**Work task:** Each line below should be written out again exactly.

(Crawled caption data)
====
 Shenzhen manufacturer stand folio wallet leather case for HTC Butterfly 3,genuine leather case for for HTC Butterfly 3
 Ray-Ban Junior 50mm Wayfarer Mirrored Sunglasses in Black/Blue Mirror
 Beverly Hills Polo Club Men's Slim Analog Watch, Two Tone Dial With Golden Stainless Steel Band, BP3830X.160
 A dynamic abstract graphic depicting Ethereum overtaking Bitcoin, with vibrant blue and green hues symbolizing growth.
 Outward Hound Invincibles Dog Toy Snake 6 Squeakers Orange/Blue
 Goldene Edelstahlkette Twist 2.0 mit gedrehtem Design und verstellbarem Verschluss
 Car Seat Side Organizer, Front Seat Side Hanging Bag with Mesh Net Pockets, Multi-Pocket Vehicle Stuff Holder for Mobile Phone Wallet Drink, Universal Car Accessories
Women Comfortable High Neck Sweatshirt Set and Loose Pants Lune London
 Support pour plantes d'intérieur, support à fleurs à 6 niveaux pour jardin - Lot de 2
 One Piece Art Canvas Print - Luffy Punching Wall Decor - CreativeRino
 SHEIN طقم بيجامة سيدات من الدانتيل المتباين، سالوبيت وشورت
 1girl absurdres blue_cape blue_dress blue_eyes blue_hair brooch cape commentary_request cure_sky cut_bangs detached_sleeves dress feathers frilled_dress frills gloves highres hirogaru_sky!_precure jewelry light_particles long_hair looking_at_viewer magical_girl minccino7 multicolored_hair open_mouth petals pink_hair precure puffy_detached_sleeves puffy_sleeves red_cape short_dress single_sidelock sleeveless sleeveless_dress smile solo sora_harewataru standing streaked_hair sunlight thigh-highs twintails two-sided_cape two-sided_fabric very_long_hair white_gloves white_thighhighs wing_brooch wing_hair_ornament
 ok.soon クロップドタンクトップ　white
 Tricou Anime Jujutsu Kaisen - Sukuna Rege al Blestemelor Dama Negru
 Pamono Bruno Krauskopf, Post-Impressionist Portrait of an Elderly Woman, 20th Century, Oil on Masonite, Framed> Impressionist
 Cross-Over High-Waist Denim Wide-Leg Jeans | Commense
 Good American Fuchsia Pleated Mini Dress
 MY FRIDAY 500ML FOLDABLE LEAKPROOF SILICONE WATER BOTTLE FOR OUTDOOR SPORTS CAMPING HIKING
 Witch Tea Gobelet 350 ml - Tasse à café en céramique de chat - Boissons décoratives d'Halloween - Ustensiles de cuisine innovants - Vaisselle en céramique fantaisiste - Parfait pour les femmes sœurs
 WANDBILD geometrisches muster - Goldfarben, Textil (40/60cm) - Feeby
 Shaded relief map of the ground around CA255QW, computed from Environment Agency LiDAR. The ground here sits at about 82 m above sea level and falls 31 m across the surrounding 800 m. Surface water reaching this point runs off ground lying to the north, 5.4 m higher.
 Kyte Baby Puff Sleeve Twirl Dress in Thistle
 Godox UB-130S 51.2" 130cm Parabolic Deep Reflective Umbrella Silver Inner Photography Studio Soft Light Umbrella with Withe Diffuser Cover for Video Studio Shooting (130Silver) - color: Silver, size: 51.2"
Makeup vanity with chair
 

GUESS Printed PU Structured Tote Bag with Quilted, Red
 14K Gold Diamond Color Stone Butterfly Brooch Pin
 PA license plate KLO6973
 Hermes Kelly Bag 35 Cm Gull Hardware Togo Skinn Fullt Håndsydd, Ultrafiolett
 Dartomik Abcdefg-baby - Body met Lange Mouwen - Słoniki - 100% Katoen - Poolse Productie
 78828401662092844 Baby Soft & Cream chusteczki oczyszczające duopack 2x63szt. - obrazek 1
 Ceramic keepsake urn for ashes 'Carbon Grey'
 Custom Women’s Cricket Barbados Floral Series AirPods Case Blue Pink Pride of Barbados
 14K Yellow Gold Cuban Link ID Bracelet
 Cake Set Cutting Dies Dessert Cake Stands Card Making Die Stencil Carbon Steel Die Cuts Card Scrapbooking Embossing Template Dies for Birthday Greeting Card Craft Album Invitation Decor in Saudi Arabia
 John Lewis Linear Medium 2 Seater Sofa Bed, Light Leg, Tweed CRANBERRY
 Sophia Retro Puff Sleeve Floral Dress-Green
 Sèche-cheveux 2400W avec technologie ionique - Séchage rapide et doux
====
**Written answer:**
 Shenzhen manufacturer stand folio wallet leather case for HTC Butterfly 3,genuine leather case for for HTC Butterfly 3
 Ray-Ban Junior 50mm Wayfarer Mirrored Sunglasses in Black/Blue Mirror
 Beverly Hills Polo Club Men's Slim Analog Watch, Two Tone Dial With Golden Stainless Steel Band, BP3830X.160
 A dynamic abstract graphic depicting Ethereum overtaking Bitcoin, with vibrant blue and green hues symbolizing growth.
 Outward Hound Invincibles Dog Toy Snake 6 Squeakers Orange/Blue
 Goldene Edelstahlkette Twist 2.0 mit gedrehtem Design und verstellbarem Verschluss
 Car Seat Side Organizer, Front Seat Side Hanging Bag with Mesh Net Pockets, Multi-Pocket Vehicle Stuff Holder for Mobile Phone Wallet Drink, Universal Car Accessories
Women Comfortable High Neck Sweatshirt Set and Loose Pants Lune London
 Support pour plantes d'intérieur, support à fleurs à 6 niveaux pour jardin - Lot de 2
 One Piece Art Canvas Print - Luffy Punching Wall Decor - CreativeRino
 SHEIN طقم بيجامة سيدات من الدانتيل المتباين، سالوبيت وشورت
 1girl absurdres blue_cape blue_dress blue_eyes blue_hair brooch cape commentary_request cure_sky cut_bangs detached_sleeves dress feathers frilled_dress frills gloves highres hirogaru_sky!_precure jewelry light_particles long_hair looking_at_viewer magical_girl minccino7 multicolored_hair open_mouth petals pink_hair precure puffy_detached_sleeves puffy_sleeves red_cape short_dress single_sidelock sleeveless sleeveless_dress smile solo sora_harewataru standing streaked_hair sunlight thigh-highs twintails two-sided_cape two-sided_fabric very_long_hair white_gloves white_thighhighs wing_brooch wing_hair_ornament
 ok.soon クロップドタンクトップ　white
 Tricou Anime Jujutsu Kaisen - Sukuna Rege al Blestemelor Dama Negru
 Pamono Bruno Krauskopf, Post-Impressionist Portrait of an Elderly Woman, 20th Century, Oil on Masonite, Framed> Impressionist
 Cross-Over High-Waist Denim Wide-Leg Jeans | Commense
 Good American Fuchsia Pleated Mini Dress
 MY FRIDAY 500ML FOLDABLE LEAKPROOF SILICONE WATER BOTTLE FOR OUTDOOR SPORTS CAMPING HIKING
 Witch Tea Gobelet 350 ml - Tasse à café en céramique de chat - Boissons décoratives d'Halloween - Ustensiles de cuisine innovants - Vaisselle en céramique fantaisiste - Parfait pour les femmes sœurs
 WANDBILD geometrisches muster - Goldfarben, Textil (40/60cm) - Feeby
 Shaded relief map of the ground around CA255QW, computed from Environment Agency LiDAR. The ground here sits at about 82 m above sea level and falls 31 m across the surrounding 800 m. Surface water reaching this point runs off ground lying to the north, 5.4 m higher.
 Kyte Baby Puff Sleeve Twirl Dress in Thistle
 Godox UB-130S 51.2" 130cm Parabolic Deep Reflective Umbrella Silver Inner Photography Studio Soft Light Umbrella with Withe Diffuser Cover for Video Studio Shooting (130Silver) - color: Silver, size: 51.2"
Makeup vanity with chair
 

GUESS Printed PU Structured Tote Bag with Quilted, Red
 14K Gold Diamond Color Stone Butterfly Brooch Pin
 PA license plate KLO6973
 Hermes Kelly Bag 35 Cm Gull Hardware Togo Skinn Fullt Håndsydd, Ultrafiolett
 Dartomik Abcdefg-baby - Body met Lange Mouwen - Słoniki - 100% Katoen - Poolse Productie
 78828401662092844 Baby Soft & Cream chusteczki oczyszczające duopack 2x63szt. - obrazek 1
 Ceramic keepsake urn for ashes 'Carbon Grey'
 Custom Women’s Cricket Barbados Floral Series AirPods Case Blue Pink Pride of Barbados
 14K Yellow Gold Cuban Link ID Bracelet
 Cake Set Cutting Dies Dessert Cake Stands Card Making Die Stencil Carbon Steel Die Cuts Card Scrapbooking Embossing Template Dies for Birthday Greeting Card Craft Album Invitation Decor in Saudi Arabia
 John Lewis Linear Medium 2 Seater Sofa Bed, Light Leg, Tweed CRANBERRY
 Sophia Retro Puff Sleeve Floral Dress-Green
 Sèche-cheveux 2400W avec technologie ionique - Séchage rapide et doux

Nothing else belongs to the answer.